Don’t skimp on the carbs before bed! While the research around carbohydrate intake and sleep is mixed, there is some evidence to show that consuming a higher carbohydrate meal of an evening increases REM sleep and reduces sleep onset latency. One study found that a higher carbohydrate meal also improved stage 3 sleep – the deepest stage of sleep – during the first half of the sleep period.  Similar effects have been reported with a higher glycaemic index meal before bed. It is thought the carbohydrate intake may support sleep due to increased serotonin synthesis, an amino acid that is required to facilitate sleep. (St-Onge)

Mediterranean Diet

There is a substantial body of evidence suggesting that the Mediterranean diet improves sleep quality and duration in both healthy adults and those prone to poor sleep (Godos, Zuraikat). The Mediterranean diet is rich in plant based foods, including fruits, vegetables, and legumes, whole grains and olive oil, with greater fish intake, and limited amounts of meat, dairy and alcohol. It has been suggested that this style of diet contains a broad spectrum of nutrients, which may in and of itself be supportive of healthy sleep. Further to this, the Mediterranean diet is rich in anti-inflammatory and antioxidant compounds, and interestingly impaired antioxidant defence responses have been reported during sleep deprivation while increased neuro-inflammation may be a possible driver of poor sleep quality (Godos).

Eat earlier

Food consumption 30 to 60 minutes before bedtime has been shown to impede sleep quality, particularly sleep onset latency. This may be due to increased gastric volume (i.e. more food in the stomach) at bed time causing greater physical discomfort, and thus difficulties falling asleep. Furthermore, digestion slows down during sleep and eating too close to bedtime may induce indigestion, reflux and sleep disturbance (Crispim). We recommend leaving 2 to 3 hours between eating and bedtime, and if this is not possible, have something small to eat as opposed to a big meal as going to bed hungry can negatively impact blood sugar levels and increase wakefulness during the night.

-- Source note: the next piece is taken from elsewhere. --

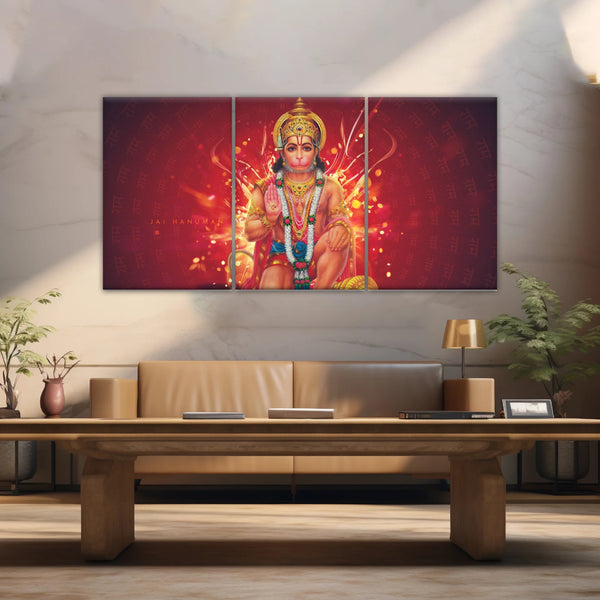 Sri Anjaneya - Hindu God Lord Hanuman Hinduism Canvas Painting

Specific nutrients and supplements

Adequate serotonin synthesis is essential for healthy sleep onset and maintenance. Vitamin’s B3, B6 and magnesium are essential for the metabolism of this important neurotransmitter, and deficiencies of these nutrients will result in inadequate levels of serotonin and therefore poor sleep regulation. Foods rich in B vitamins include whole grains, eggs, dark leafy greens, meat, fish and dairy products, while foods rich in magnesium include nuts and seeds, legumes, dark chocolate and dark leafy greens. The old wives tale of a glass of warm milk before bed may also hold some merit, as calcium is required for sleep maintenance (Sarris & Wardle).

We hope you find these tips useful, and if you need further support please reach out to your natural health practitioner.